How rules and filters use user-defined groups

Following are a few rules that depend on user-defined groups:

  • A rule that stops SEM from blocking accounts in a user-defined group of trusted administrator accounts.
  • A second rule that sends out an alert when an account in the same user-defined group of trusted admin accounts logs in or makes changes.
  • A rule that checks a user-defined group containing trusted IP addresses to see if it should block a certain IP address.

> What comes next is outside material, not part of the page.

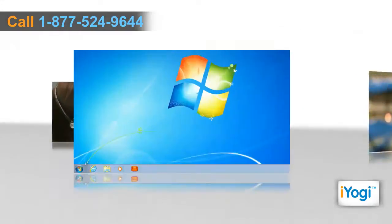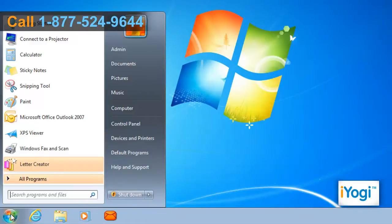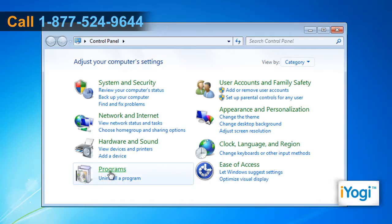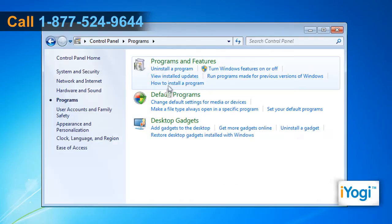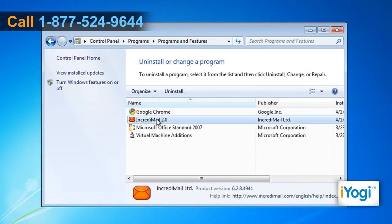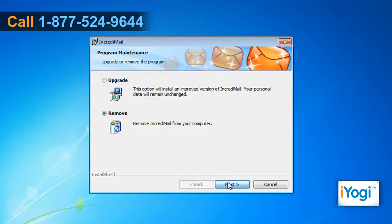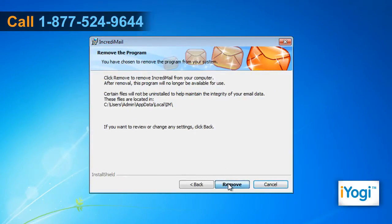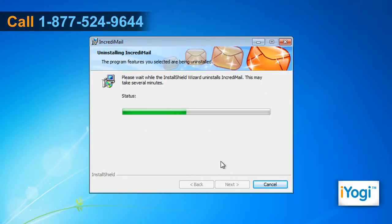Click on Start and select Control Panel. Click on Programs and select Programs and Features. Select IncrediMail from the list and click on Uninstall. Follow the instructions appearing on your screen and wait for the completion of the uninstallation procedure.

Rules and filters typically make use of user-defined groups in slightly different ways:

  • In a rule, user-defined groups are typically used like a white list or black list that tell SEM which events it should include or ignore.
  • In a filter, user-defined groups limit the scope of the filter to items that belong to the group.

Rules that use user-defined groups include:

  • Authentication - Unknown User
  • Critical Account Logon Failures
  • Detach Unauthorized USB Devices
  • File Audit - Delete Sensitive Files
  • Non-Admin Server Logon
  • Vendor - Unauthorized Server Logon

Filters that use user-defined groups include:

  • Admin Account Authentication

  • Domain Controllers (all)

    The Domain Controllers (all) filter uses a connector profile in the constant position by default. You can replace the profile with a user-defined group or a directory service group if the tool profile is not sufficient for your environment. For additional information about connector profiles, see Create connector profiles to manage and monitor SEM Agents.

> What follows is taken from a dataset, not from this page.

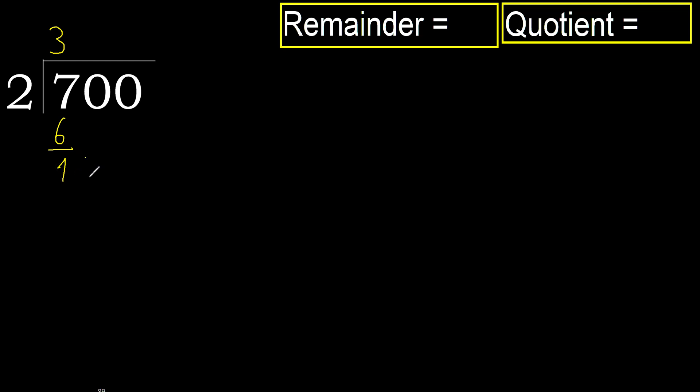Next, 10. 2 multiplied by 6 is 12. It is greater, multiply by 5. 10 is not greater.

Create or edit a user-defined group

See Add a new group or Edit an existing group to get started adding or editing a group. You can create as many user-defined groups as you need to support your rules and filters.

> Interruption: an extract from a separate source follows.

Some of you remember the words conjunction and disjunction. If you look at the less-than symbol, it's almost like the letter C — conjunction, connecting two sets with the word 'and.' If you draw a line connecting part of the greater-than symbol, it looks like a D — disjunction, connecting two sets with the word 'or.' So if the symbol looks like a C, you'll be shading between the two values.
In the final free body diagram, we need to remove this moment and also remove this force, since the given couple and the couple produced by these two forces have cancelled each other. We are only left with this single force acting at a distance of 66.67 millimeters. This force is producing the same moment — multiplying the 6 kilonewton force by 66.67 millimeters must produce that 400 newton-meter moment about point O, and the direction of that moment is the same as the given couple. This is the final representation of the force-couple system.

You can only add a group to one SEM manager at a time. To copy a group for use with another SEM manager, export the group and then import it into the other manager's Groups grid. See Export a group for steps.

  1. In the SEM Events Console, click the Groups tab.
  2. From the Manage drop-down list, select User-defined groups.
  3. On the User-defined groups toolbar, click Create User-defined group.

    Add or import your data elements for the group here. Elements contain values to help identify important information in your network. Learn more here.

  4.  Click Add element.

  5. In the Name field, enter a nickname for the element. This name is for reference only.

  6. In the Value field, enter a value to define the element. Consider using wildcard characters, such as asterisks (*), to abbreviate these entries. For example:

    NameData
    Administrators *Administrators*
    Backup Operators*backup oper*
    DNS AdminsDNSAdmin*

  7. In the description field, enter a description (optional), and then click Add.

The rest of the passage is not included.